Tanis escudriñó la roca blanca alrededor de la entrada de la caverna y, por primera vez, reparó en que, en efecto, había unos símbolos cincelados en la piedra. No tenía idea de lo que significaban; ni siquiera sabía en qué lenguaje estaban escritos. De nuevo, Tasslehoff se abrió paso hasta la cabeza del grupo.
—Es una escritura religiosa, una especie de oración ritual. Vi algo parecido sobre la puerta del templo de Sha-lost, en la frontera de Silvanesti, justo antes de que los elfos le prendieran fuego. No entiendo lo que dice, pero los símbolos son iguales. Ése de ahí, el del ápice —dijo, señalando con la jupak—, es el sello de Hiddukel.

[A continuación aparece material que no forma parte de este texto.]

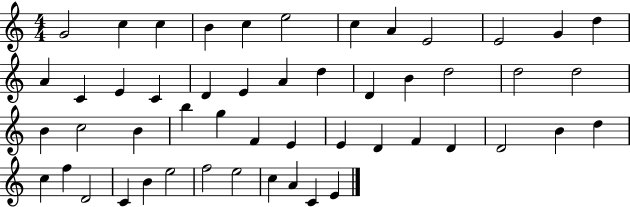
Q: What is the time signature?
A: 4/4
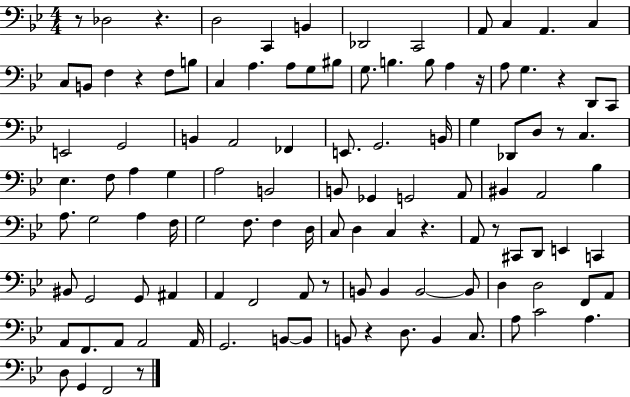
R/e Db3/h R/q. D3/h C2/q B2/q Db2/h C2/h A2/e C3/q A2/q. C3/q C3/e B2/e F3/q R/q F3/e B3/e C3/q A3/q. A3/e G3/e BIS3/e G3/e. B3/q. B3/e A3/q R/s A3/e G3/q. R/q D2/e C2/e E2/h G2/h B2/q A2/h FES2/q E2/e. G2/h. B2/s G3/q Db2/e D3/e R/e C3/q. Eb3/q. F3/e A3/q G3/q A3/h B2/h B2/e Gb2/q G2/h A2/e BIS2/q A2/h Bb3/q A3/e. G3/h A3/q F3/s G3/h F3/e. F3/q D3/s C3/e D3/q C3/q R/q. A2/e R/e C#2/e D2/e E2/q C2/q BIS2/e G2/h G2/e A#2/q A2/q F2/h A2/e R/e B2/e B2/q B2/h B2/e D3/q D3/h F2/e A2/e A2/e F2/e. A2/e A2/h A2/s G2/h. B2/e B2/e B2/e R/q D3/e. B2/q C3/e. A3/e C4/h A3/q. D3/e G2/q F2/h R/e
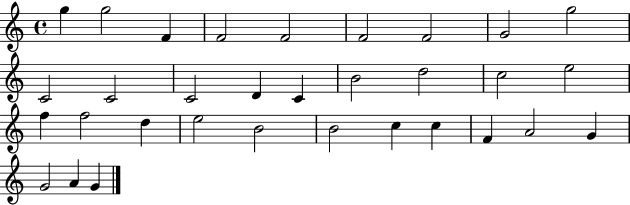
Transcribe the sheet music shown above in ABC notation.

X:1
T:Untitled
M:4/4
L:1/4
K:C
g g2 F F2 F2 F2 F2 G2 g2 C2 C2 C2 D C B2 d2 c2 e2 f f2 d e2 B2 B2 c c F A2 G G2 A G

—¿Qué clase de templo era el que había cerca de Sha-lost? —preguntó Flint, en tanto manoseaba su hacha con nerviosismo.
—Era de una secta de devoradores de almas.
El grupo guardó un momentáneo silencio, que por fin rompió Tanis.
—Bueno, eso encaja con lo que Selana y tú oísteis en el laboratorio de Balcombe. Entremos.